Lemma 36.13.9. Let $X$ be a quasi-compact and quasi-separated scheme. Let $f \in \Gamma (X, \mathcal{O}_ X)$. For any morphism $\alpha : E \to E'$ in $D_\mathit{QCoh}(\mathcal{O}_ X)$ such that

1. $E$ is perfect, and

2. $E'$ is supported on $T = V(f)$

there exists an $n \geq 0$ such that $f^ n \alpha = 0$.

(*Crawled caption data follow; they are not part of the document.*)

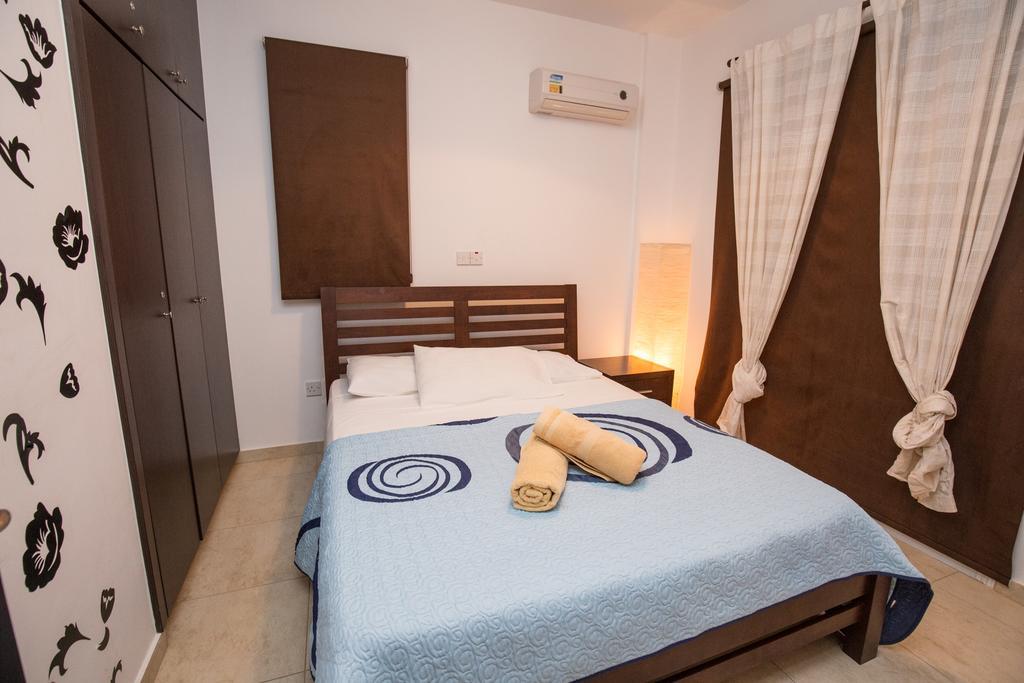 Protaras View Villas Esterno foto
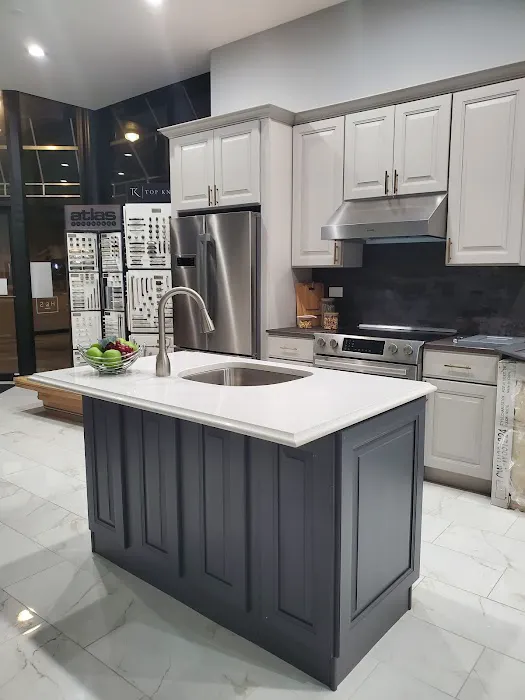 H & S Cabinets Picture 3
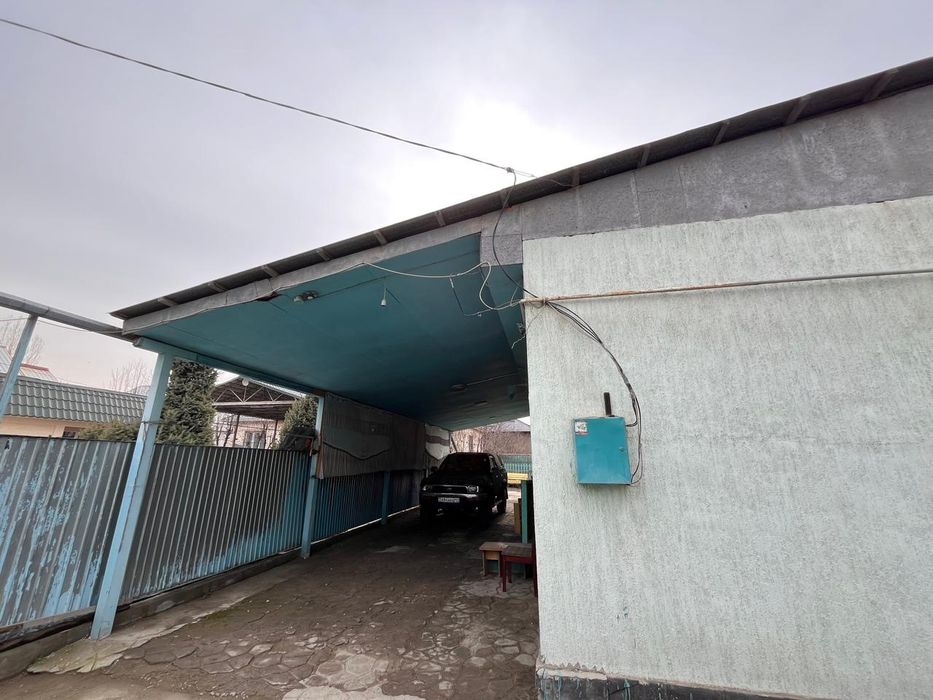 Продаётся дом в Коксае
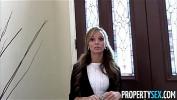 Nonton Video Bokep Property Sex Sexy petite real estate agent tricked into fucking on camera hot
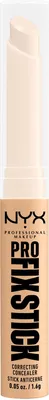Immagine prodotto di Stick correttivo NYX Pro Fix Stick naturale 1,6 g
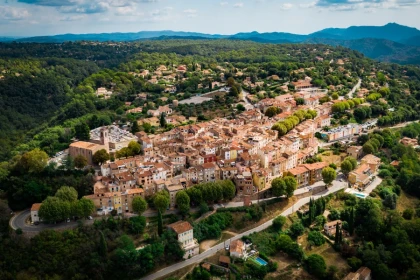 Bagnols-en-Forêt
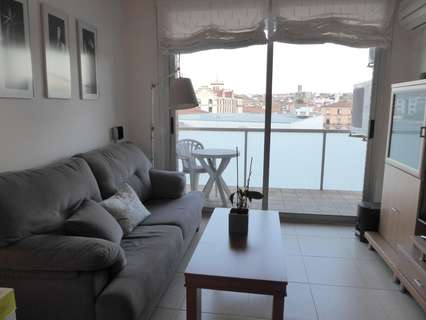 Piso en venta en Manresa
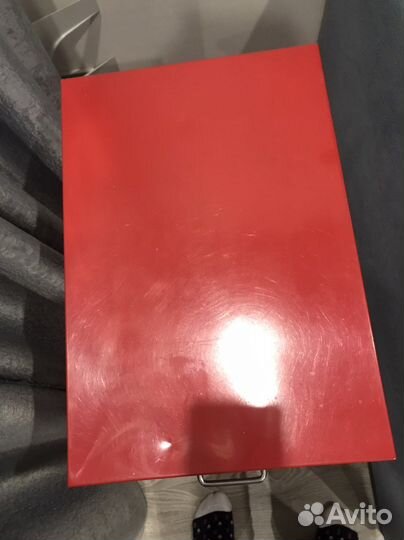 Тумба Икеа Хельмер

Proof. We have Mayer-Vietoris for morphisms in the derived category, see Cohomology, Lemma 20.33.3. Thus if $X = U \cup V$ and the result of the lemma holds for $f|_ U$, $f|_ V$, and $f|_{U \cap V}$, then the result holds for $f$. Thus it suffices to prove the lemma when $X$ is affine, see Cohomology of Schemes, Lemma 30.4.1.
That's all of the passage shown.